### [Image-text web data]

────────

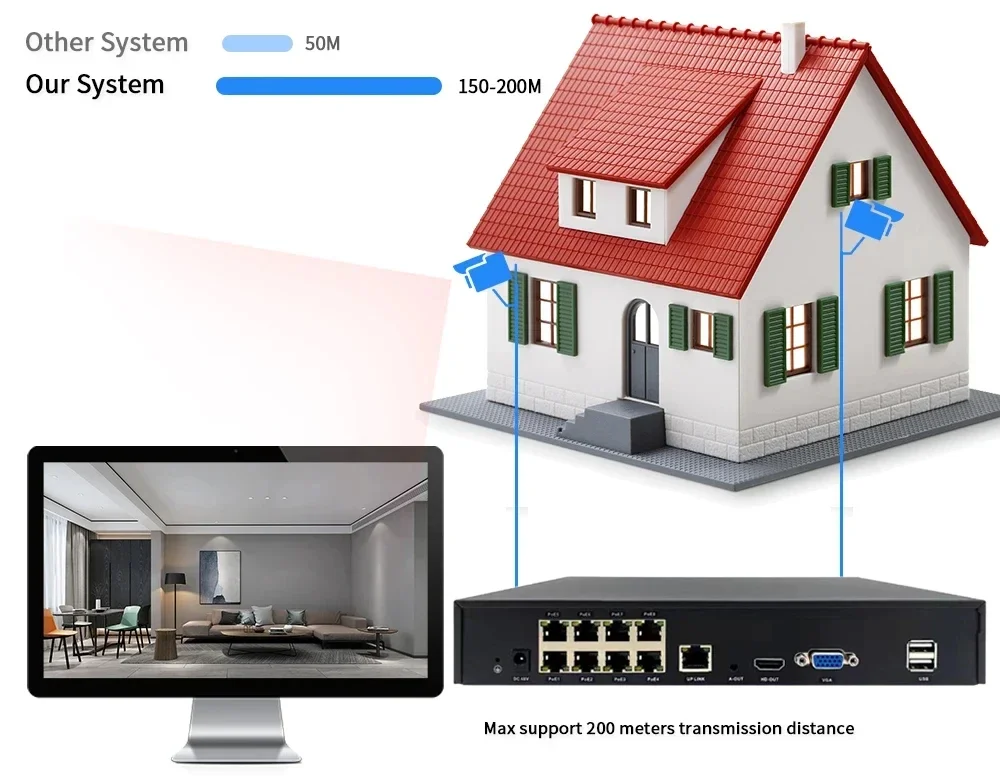 Tuya app 8CH 4K 8MP POE Security Camera System Two Way Audio 8MP NVR Kit CCTV Outdoor IP Camera H.265 P2P Video Surveillance Set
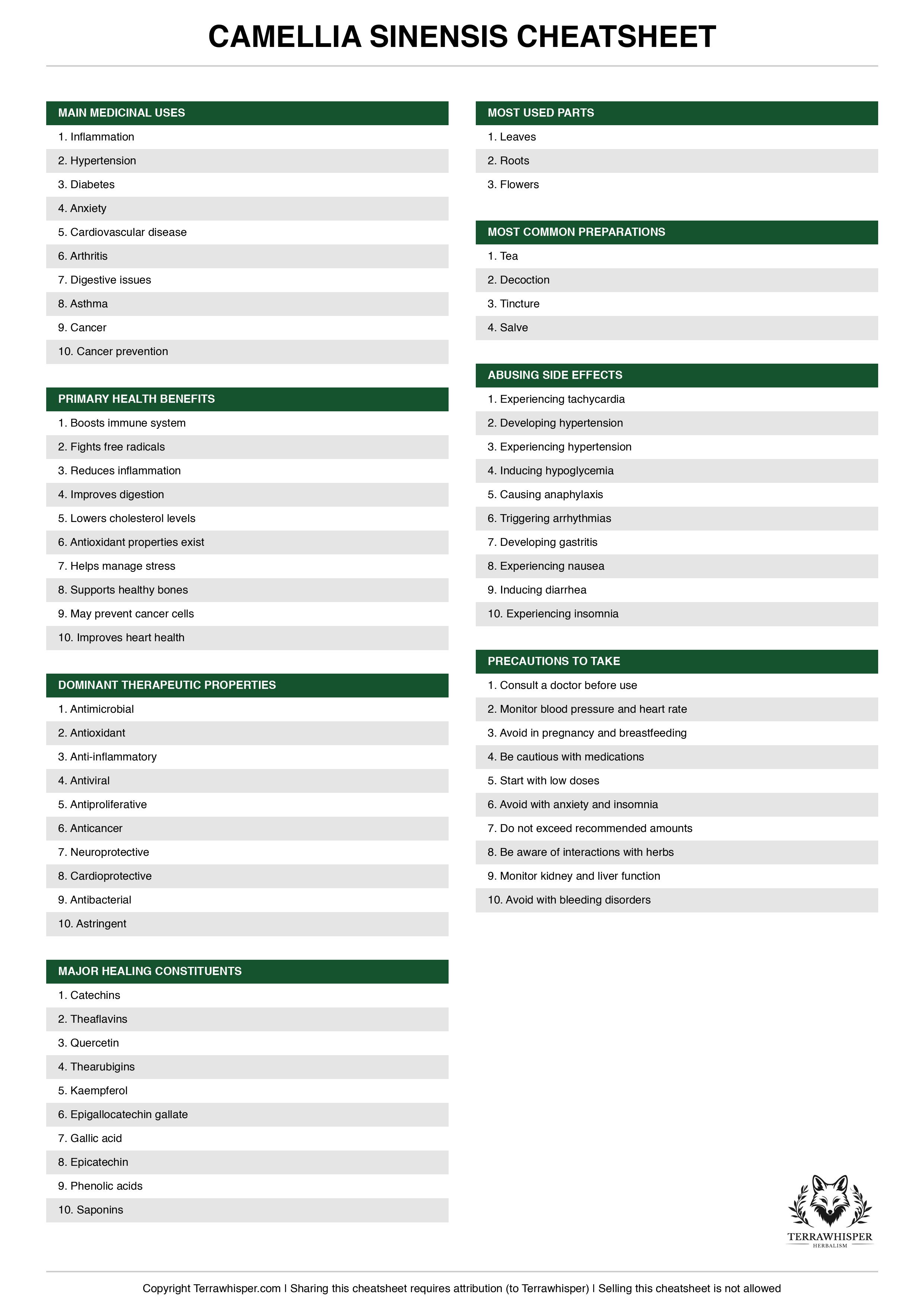 Camellia sinensis plant cheatsheet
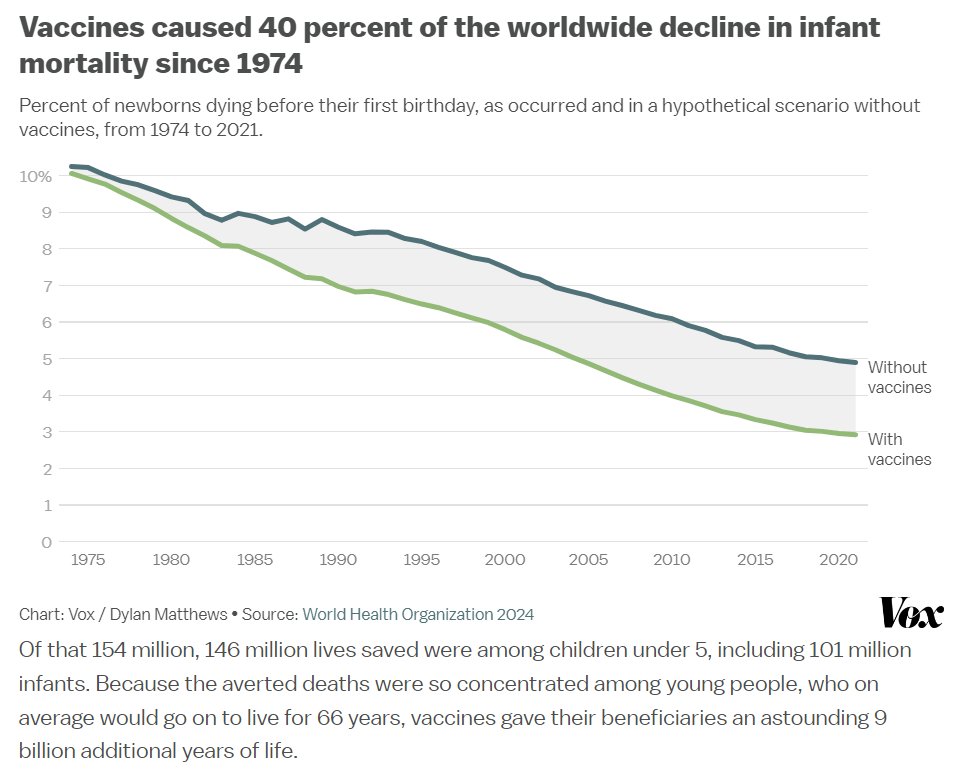 Spread the word. Piss off RFK Jr by forwarding his all over the place. It's based on data released this week by @WHO .
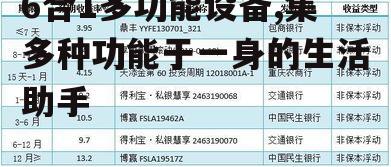 二、6合1产品的类型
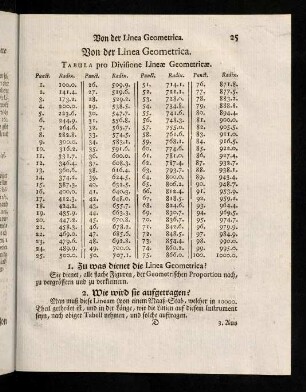 25-36, 1. Zu was dienet die Linea Geometrica? - 14. Wie sollen gleichförmige Figuren addiert werden?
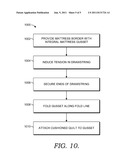 METHODS FOR MANUFACTURING A SELF-FORMING MATTRESS COVER diagram and image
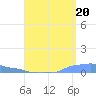 Mona Island tide chart for Wednesday, August 20, 2025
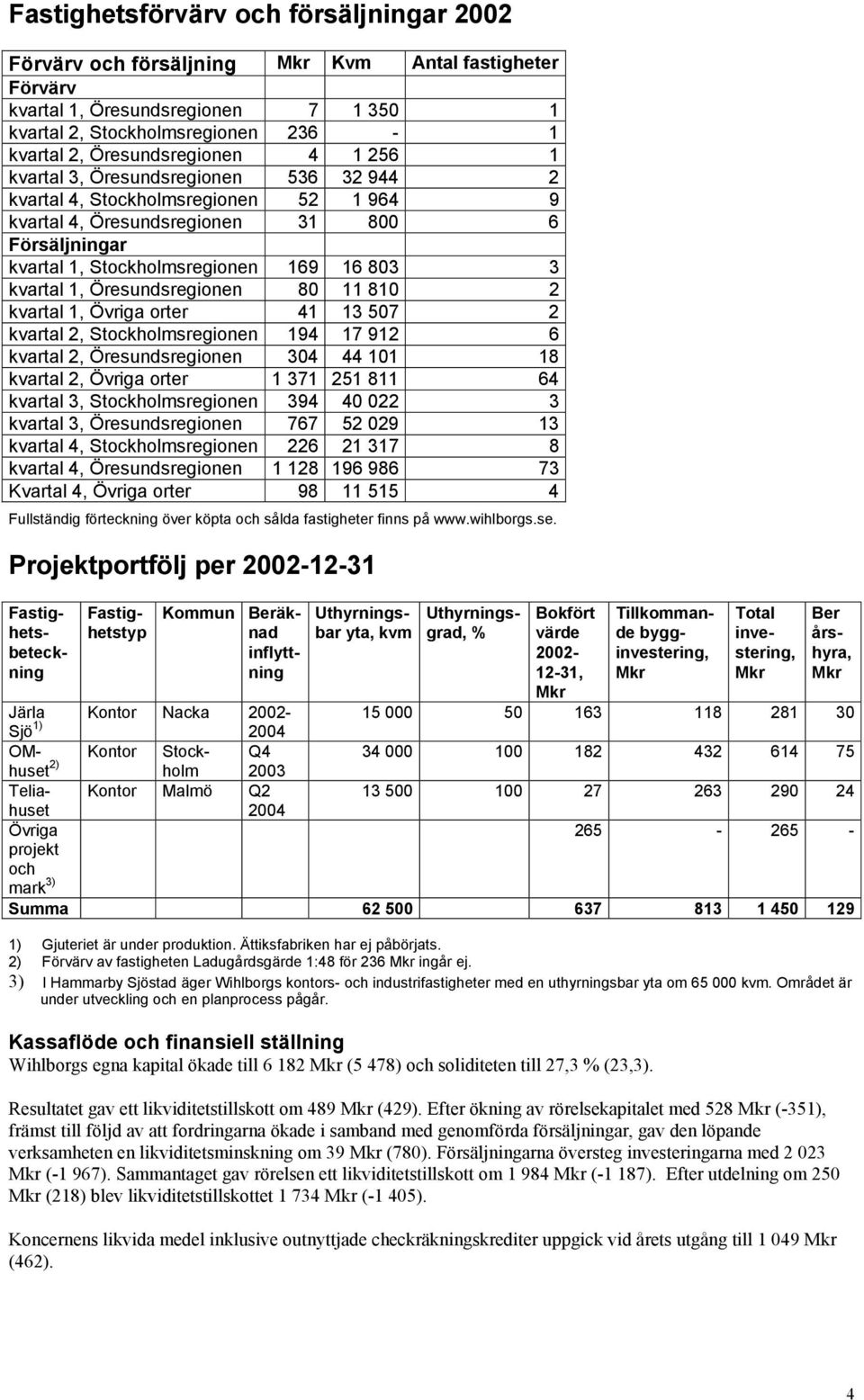 803 3 kvartal 1, Öresundsregionen 80 11 810 2 kvartal 1, Övriga orter 41 13 507 2 kvartal 2, Stockholmsregionen 194 17 912 6 kvartal 2, Öresundsregionen 304 44 101 18 kvartal 2, Övriga orter 1 371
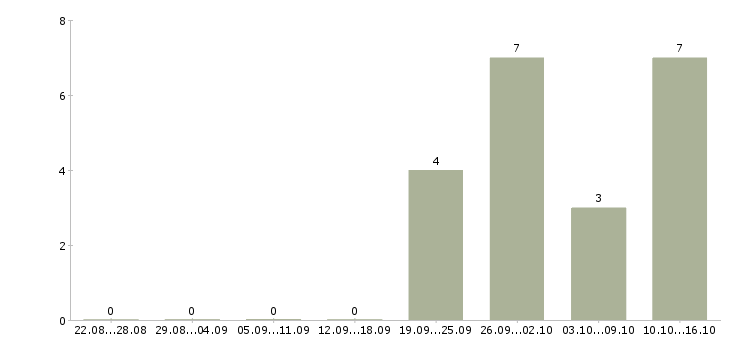 Работа руководитель в новый отдел Набережные челны - Число вакансий Набережные челны по специальности руководитель в новый отдел за 2 месяца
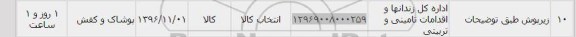 استعلام , استعلام زیرپوش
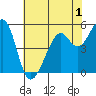 Oakland Harbor, Park St Bridge tide chart for Monday, June 1, 2026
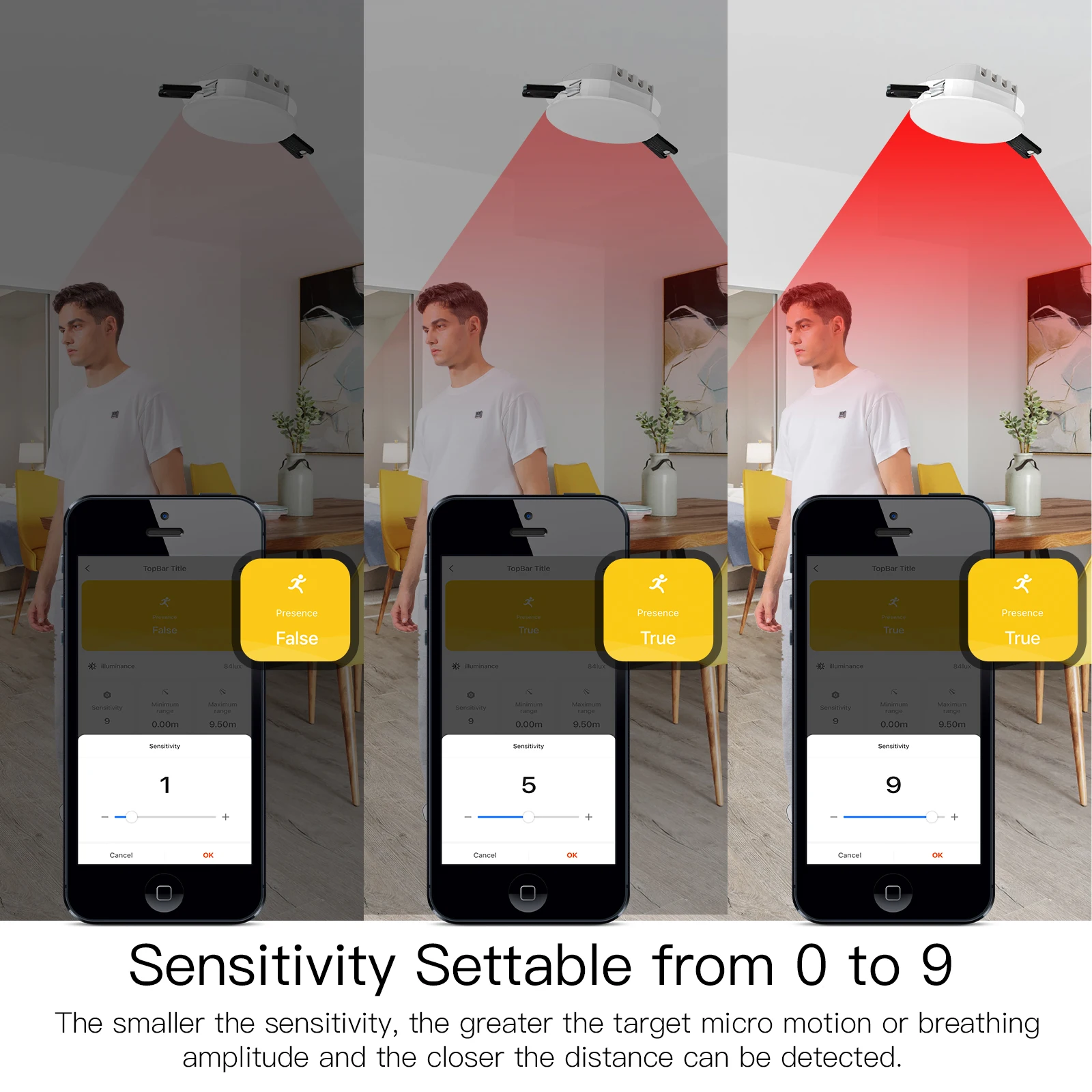 Tuya chytrý zigbee/wifi člověk přítomnost detektor radiolokátor detekce senzor photometric 2 v 1 fungovat chytrý život strop PIR náboje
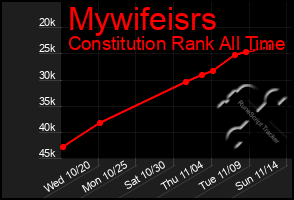 Total Graph of Mywifeisrs
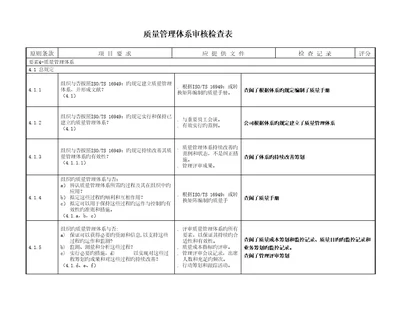 质量全新体系审核检查表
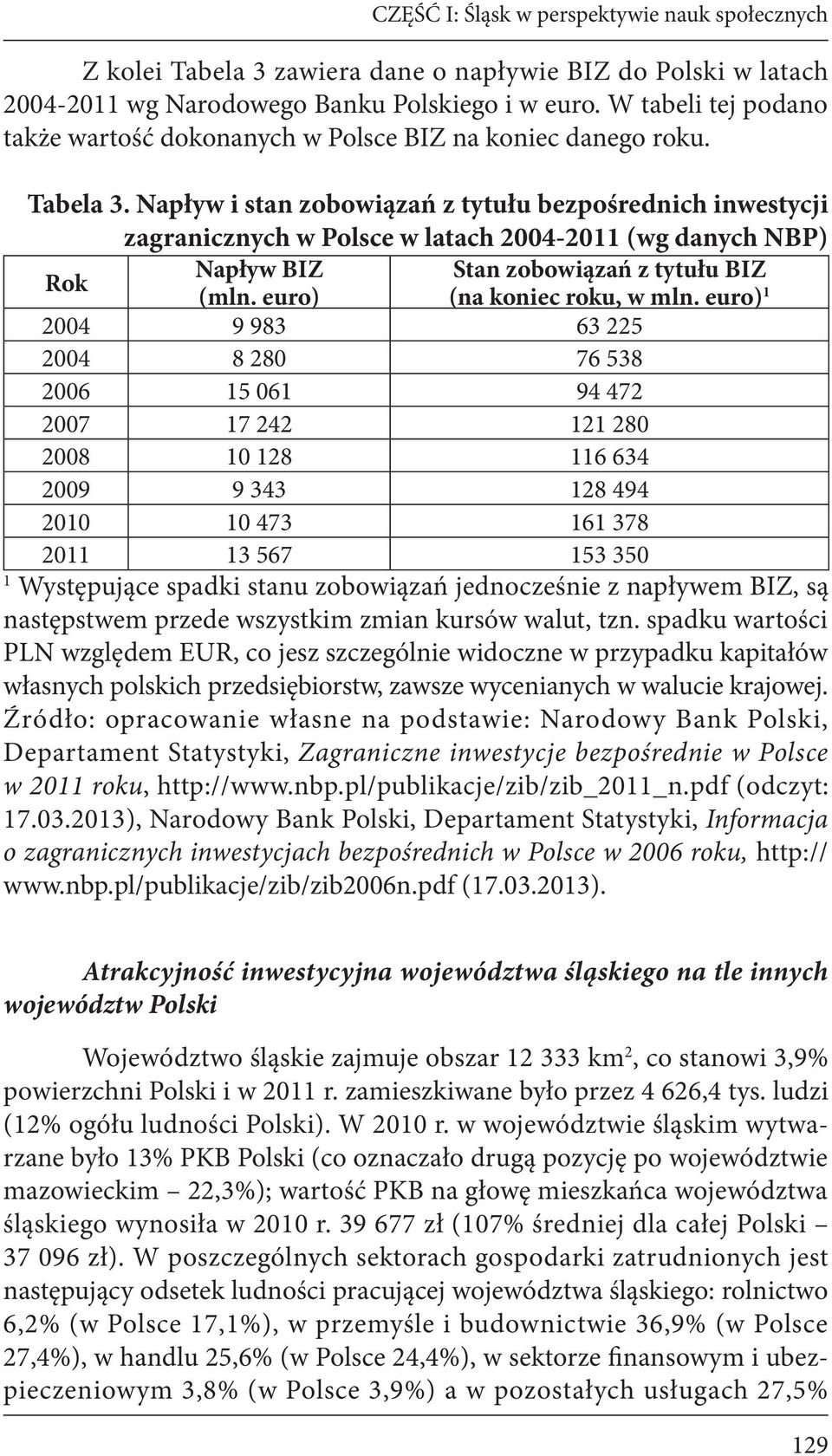 Napływ i stan zobowiązań z tytułu bezpośrednich inwestycji zagranicznych w Polsce w latach 2004-2011 (wg danych NBP) Rok Napływ BIZ Stan zobowiązań z tytułu BIZ (mln. euro) (na koniec roku, w mln.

────────

### [REQUIRED ACTION]
Give the data again exactly as written, with all pictures left out.

### [WRITTEN RESPONSE]
 Tuya app 8CH 4K 8MP POE Security Camera System Two Way Audio 8MP NVR Kit CCTV Outdoor IP Camera H.265 P2P Video Surveillance Set
 Camellia sinensis plant cheatsheet
 Spread the word. Piss off RFK Jr by forwarding his all over the place. It's based on data released this week by @WHO .
 二、6合1产品的类型
 25-36, 1. Zu was dienet die Linea Geometrica? - 14. Wie sollen gleichförmige Figuren addiert werden?
 METHODS FOR MANUFACTURING A SELF-FORMING MATTRESS COVER diagram and image
 Mona Island tide chart for Wednesday, August 20, 2025
 803 3 kvartal 1, Öresundsregionen 80 11 810 2 kvartal 1, Övriga orter 41 13 507 2 kvartal 2, Stockholmsregionen 194 17 912 6 kvartal 2, Öresundsregionen 304 44 101 18 kvartal 2, Övriga orter 1 371
 Работа руководитель в новый отдел Набережные челны - Число вакансий Набережные челны по специальности руководитель в новый отдел за 2 месяца
 استعلام , استعلام زیرپوش
 Oakland Harbor, Park St Bridge tide chart for Monday, June 1, 2026
 Tuya chytrý zigbee/wifi člověk přítomnost detektor radiolokátor detekce senzor photometric 2 v 1 fungovat chytrý život strop PIR náboje
 Total Graph of Mywifeisrs
 质量全新体系审核检查表
 Napływ i stan zobowiązań z tytułu bezpośrednich inwestycji zagranicznych w Polsce w latach 2004-2011 (wg danych NBP) Rok Napływ BIZ Stan zobowiązań z tytułu BIZ (mln. euro) (na koniec roku, w mln.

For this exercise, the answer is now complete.